For my project, I have decided to analyze the most popular colors that are used as baby names. I wanted to know which is the most common color for baby names along with what are the trends and patterns in this certain group of names. I hypothesize that out of the boy names I chose that Gray will be the most popular and out of the girl names I chose that Jade will be the most popular. I also believe that there will have a more recent spike of colors for baby names as more unique and different names have been shown to be more popular of the last several years.
First, I’ll install the necessary packages
library(tidyverse)
── Attaching core tidyverse packages ──────────────────────── tidyverse 2.0.0 ──
✔ dplyr 1.1.4 ✔ readr 2.1.5
✔ forcats 1.0.0 ✔ stringr 1.5.1
✔ ggplot2 3.4.4 ✔ tibble 3.2.1
✔ lubridate 1.9.3 ✔ tidyr 1.3.1
✔ purrr 1.0.2
── Conflicts ────────────────────────────────────────── tidyverse_conflicts() ──
✖ dplyr::filter() masks stats::filter()
✖ dplyr::lag() masks stats::lag()
ℹ Use the conflicted package (<http://conflicted.r-lib.org/>) to force all conflicts to become errors
library(babynames)
Observation 1
Analyzing trends of colors used as baby names for males
`geom_smooth()` using method = 'gam' and formula = 'y ~ s(x, bs = "cs")'
There was a much more obvious increase in the color names for females in the past few decades. There was also a large population of color female names in early 1900s and now this trend is increasing again.
Summary of Observation 1 & 2
Throughout these two graphs of male and baby names, I found that I was correct about there being a recent spike in baby names around the year 2000. I was incorrect about the female baby name Jade being the most popular and the most popular name recently is Violet. The most popular name in the past was Ruby. For male names the color trend has been more consistant but has also had more of an increase in the past few decades. The most popular boy name has most recently been Jade but in the past it was Clay
Observation 3
To get a different perspective on the trends in these baby names I changed the graphs to be based off of the proportion rather than n. This will show trends based off the percentage of popularity and not the count of each name.
Male names
babynames |>filter(name %in%c("Gray", "Jett", "Rory","Steel","Sterling", "Slate", "Rusty", "Jade","Auburn", "Clay")) |>filter(sex =="M") |>mutate(percent = (prop *100)) |>ggplot(aes(year,percent, color = name)) +geom_line() +ggtitle('Popularity of colors for male baby names') +xlab('Year') +ylab('Percentage')

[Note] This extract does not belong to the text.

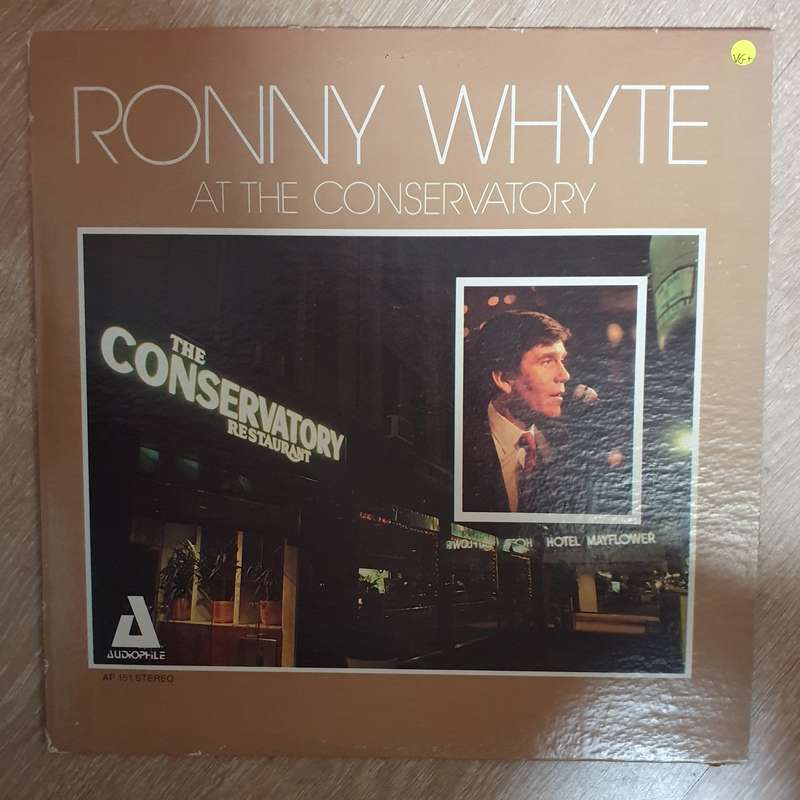 Ronny Whyte  At the Conservatory - Vinyl LP Record - Opened  - Very-Good+ Quality (VG+)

babynames |>filter(name %in%c("Gray", "Jett", "Rory","Steel","Sterling", "Slate", "Rusty", "Jade","Auburn", "Clay")) |>filter(sex =="M") |>ggplot(aes(reorder(name, n), n, fill = name)) +geom_col() +coord_flip()
The most common color used for male names is the name Clay. I ordered and flipped this bar chart to be in order from the most popular to least popular name.
Observation 5
There was one name that was both a male and female name and that was the name Jade. I am going to look at the different of trends for the male and female name Jade.
babynames |>filter(name %in%c("Jade")) |>ggplot(aes(year,n, color = name)) +geom_line() +facet_wrap(~sex)
I found that the name Jade is incredibly more common for females then males. It seems as if these names used to be more similar however there was a large and rapid increase for the female usage of this name. I will now analyze the earlier years of this name, before the increase, to see how they compared.
In this graph it is evident that the name Jade used to be more similar in in population throughout each gender.
Conclusion
These visualizations support my hypothesis that there has been an increase in the past few decades of colors used for baby names. I was incorrect about which color name for male and female was the most common. One interesting piece of information I found throughout these visualizations was the large usage of colors for baby names around the early 1900s. With the early 1900s and early 2000s both having an increase in the usage of colors for baby names, this could be correlated to the popular 100 year baby name theory. This theory states that there is a 100 year cycle of baby names. This means that baby names that were popular 100 years ago would become popular again. The visualizations of trends and patterns in this project support this theory. In conclusion, there#has been an increase in the use of colors for baby names in the past few decades and a possible reason for this could be the 100 year baby name theory.